LLVM test suite shows noticeable code size reduction of Bullet test case (~1%), because deallocation function pointer sFreeFunc is imported with initializer
and load instruction gets eliminated in few destructors (indirect call is converted to direct call). On the whole the change introduced by this patch is quite small
and I wouldn't expect much from it. It would probably work better for C programs, where function pointers in structures is common OO pattern.

Also it may become better with better readonly'ness detection (I have plans for it as well).

Benchmark for speedup?

I've observed slightly better execution time of MultiSource test suite over several runs, but this is most likely some sort of caching issue.

code size?

See above. There are minor size improvements for other MultiSource benchmarks, but too small to be considered.

compile time impact?

Not observed. Typical program contains few global variables (compared to number of functions), and very few of them are readonly. Among those few have non-trivial initializer.
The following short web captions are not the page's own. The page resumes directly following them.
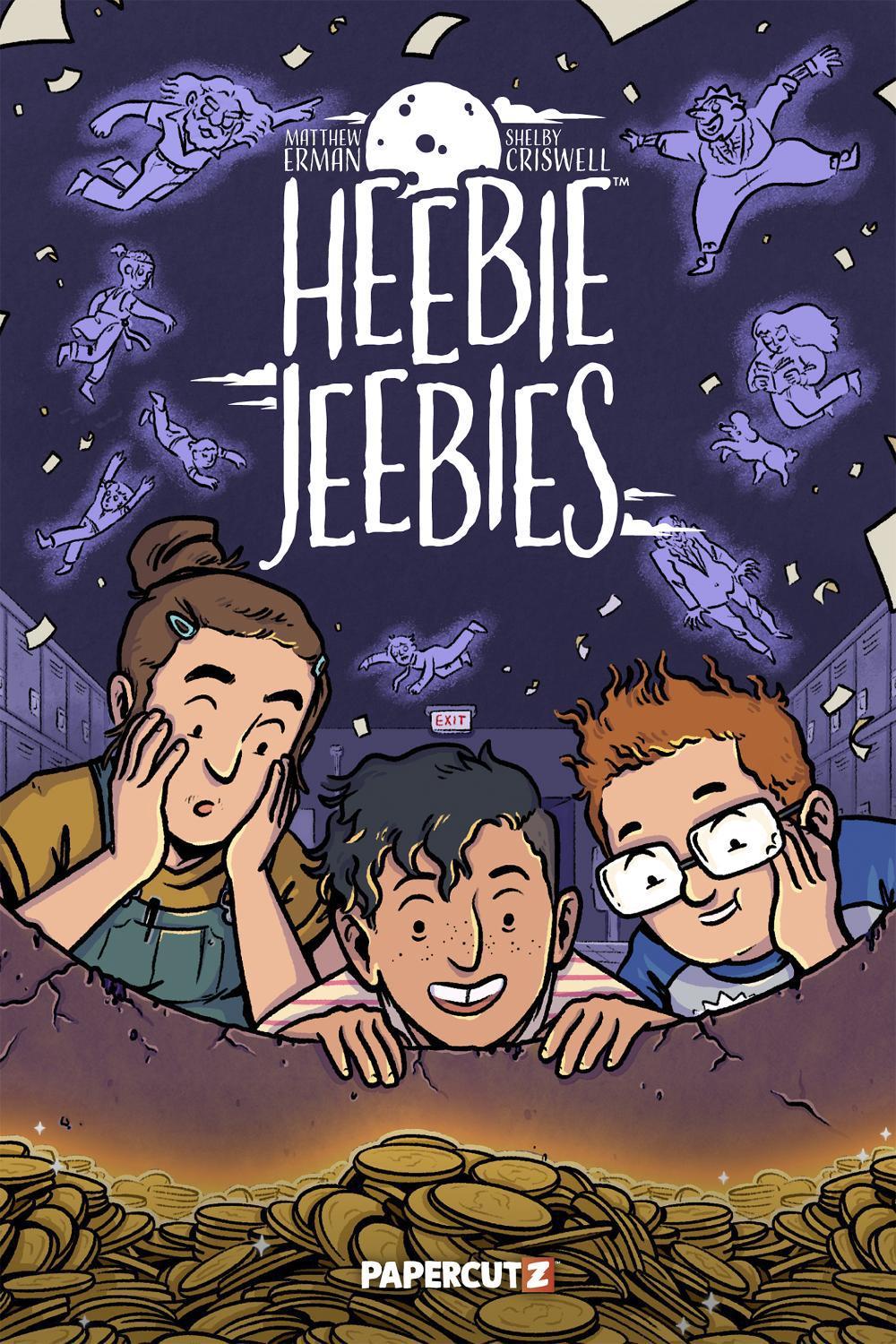Heebie Jeebies by Matthew Erman - ISBN: 9781545811887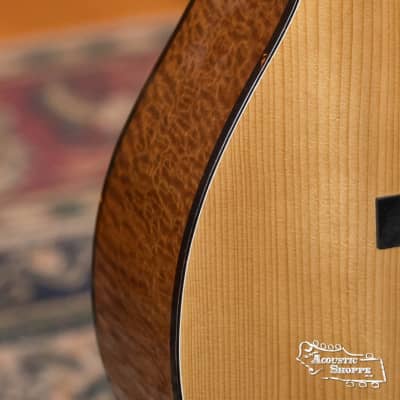 Hinde Adirondack/Quilted Sapele OO 14-Fret Acoustic Guitar #6 image 7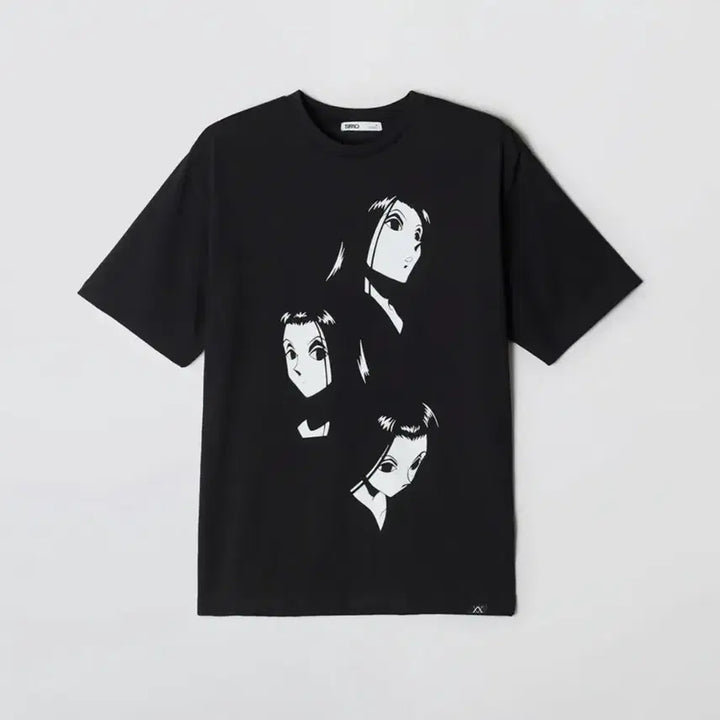 [BUNJANG] SPAO Hunter x Hunter Illumi Short Sleeve T-Shirt XL / 스파오 헌터헌터 헌헌 이르미 반팔 티셔츠 XL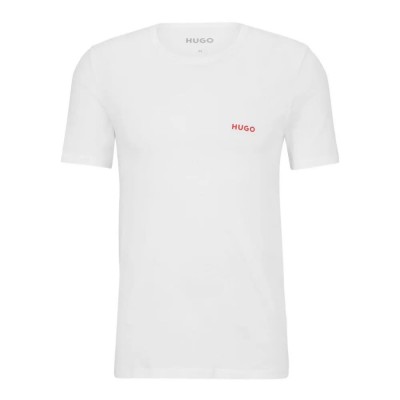 мъжко,бельо,hugo,10217251,short,sleeve,base,layer,3,units,white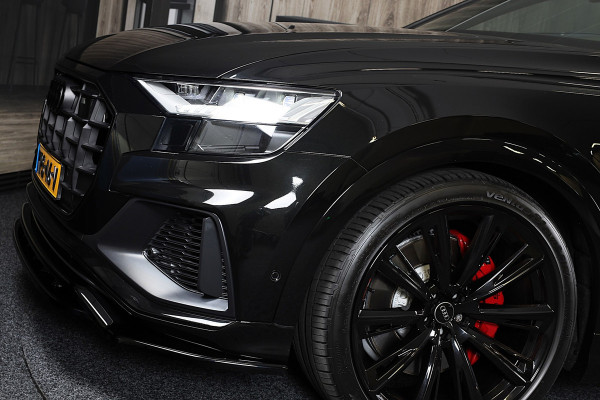 Audi Q8 60 TFSI e Quattro RSQ8 Look / Luchtvering / Acc / Lane Assist / Head Up / Camera / B & O / Memory / Open Pano / Matrix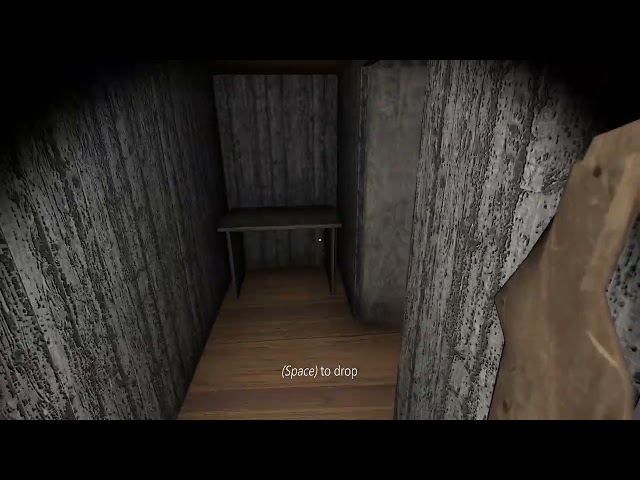beating granny 2021 pc again  + MOD Custom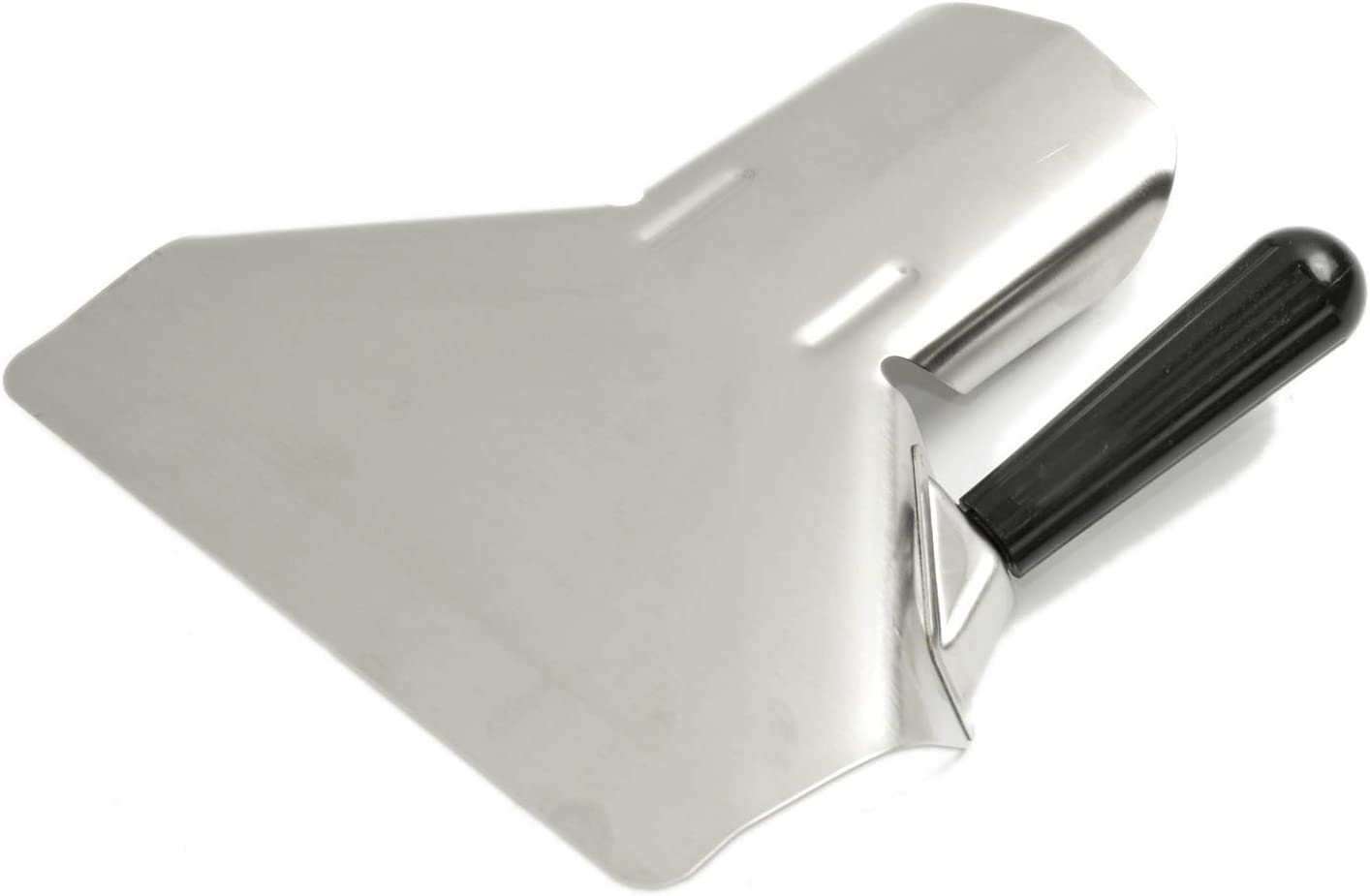 Stainless Steel Commercial French Fry Bagger with Left Handle from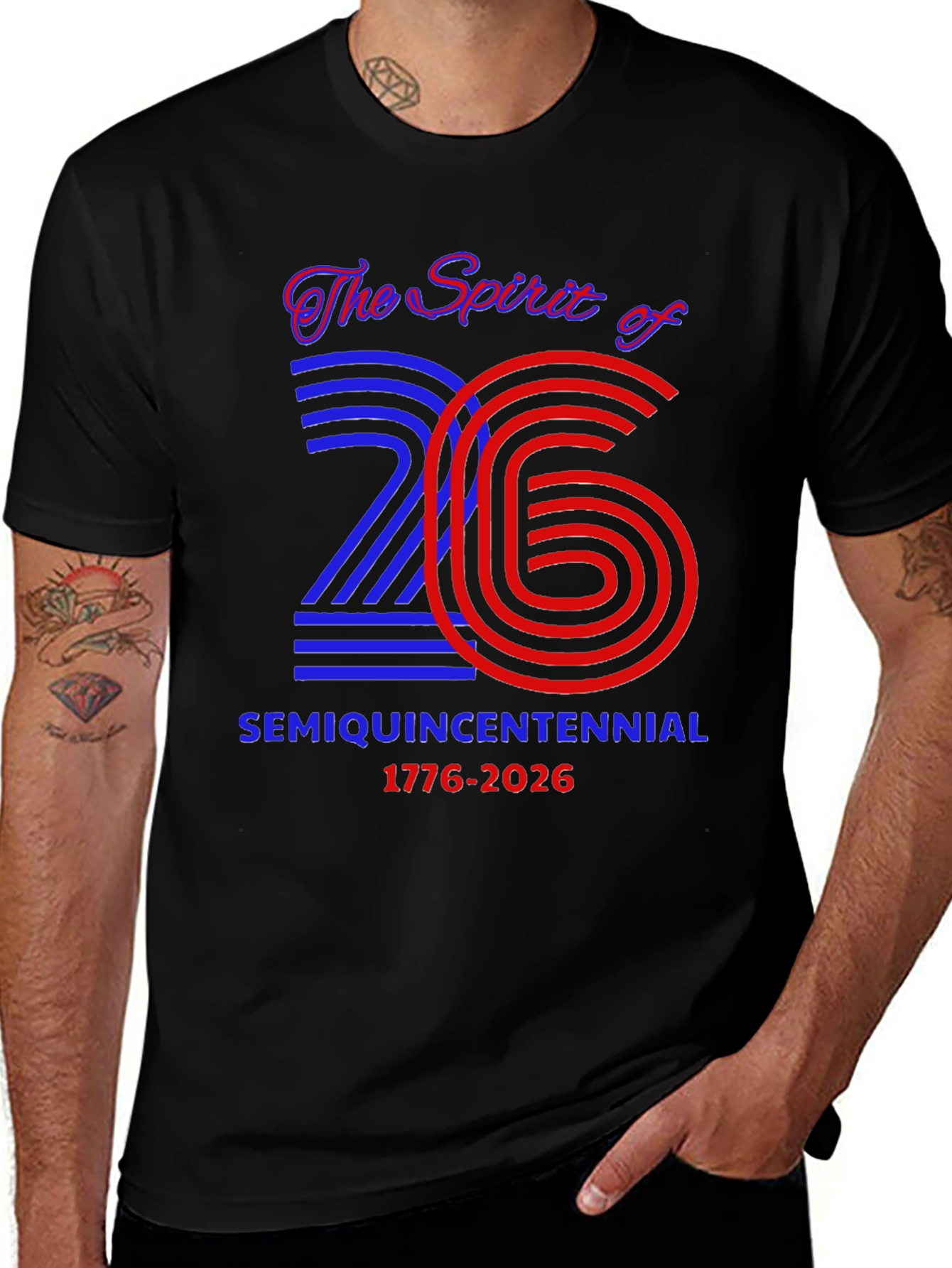 Variant 22 of Spirit of '26 Semiquincentennial T-Shirt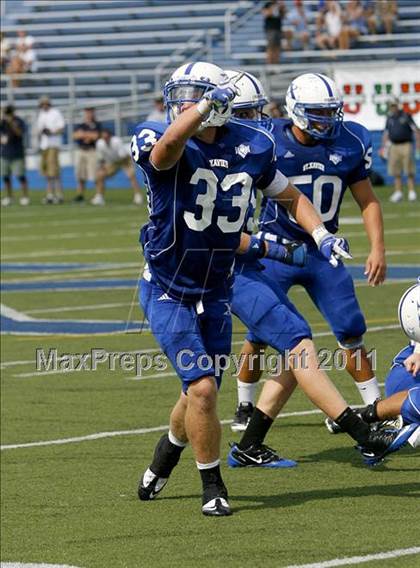 Thumbnail 1 in Our Lady of Good Counsel @ St. Xavier (Skyline Crosstown Showdown) photogallery.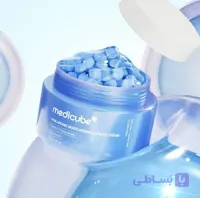 کرم کپسولی هیالورونیک مدی کیوب حجم ۵۵ گرم اصل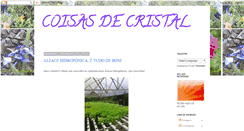 Desktop Screenshot of coisasdecristal.blogspot.com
evgeny777 updated this revision to Diff 227099.Oct 30 2019, 7:57 AM

Addressed. See comment above for performance insights

This revision is now accepted and ready to land.Oct 30 2019, 10:45 AM
tejohnson requested changes to this revision.Oct 30 2019, 11:27 AM

Thanks for working on this! I had been thinking about adding this recently but didn't have a chance yet. I have a few suggestions below. One thing that should be considered for a follow-up enhancement is to consider the refs themselves for importing (similar to the way we follow chains of calls when doing function importing).

lib/Transforms/IPO/FunctionImport.cpp
283 ↗(On Diff #227099)

The name of the maybeReadOnly is a little confusing here, although I know we expect that analysis to have finalized this flag by now. Can you add a flag to the summary index to indicate that the attribute propagation has completed (similar to the WithGlobalValueDeadStripping flag that indicates liveness analysis is complete), and then add a helper on the summary to return the maybeReadOnly value that asserts the flag is set, and change the uses sites to use that instead? E.g. something like a readOnly() method, and probably writeOnly() one for completeness.

318 ↗(On Diff #227099)

I think it would be better to call this from within canImportGlobalVar to keep the correctness checks centralized.

This revision now requires changes to proceed.Oct 30 2019, 11:27 AM
evgeny777 updated this revision to Diff 227288.Oct 31 2019, 8:58 AM

Addressed.

Adding new flag to summary index allowed better handling cases when actual dead symbol computation was skipped for some reason. See modifications in processGlobalForThinLTO and updated test cases.

One thing that should be considered for a follow-up enhancement is to consider the refs themselves for importing (similar to the way we follow chains of calls when doing function importing).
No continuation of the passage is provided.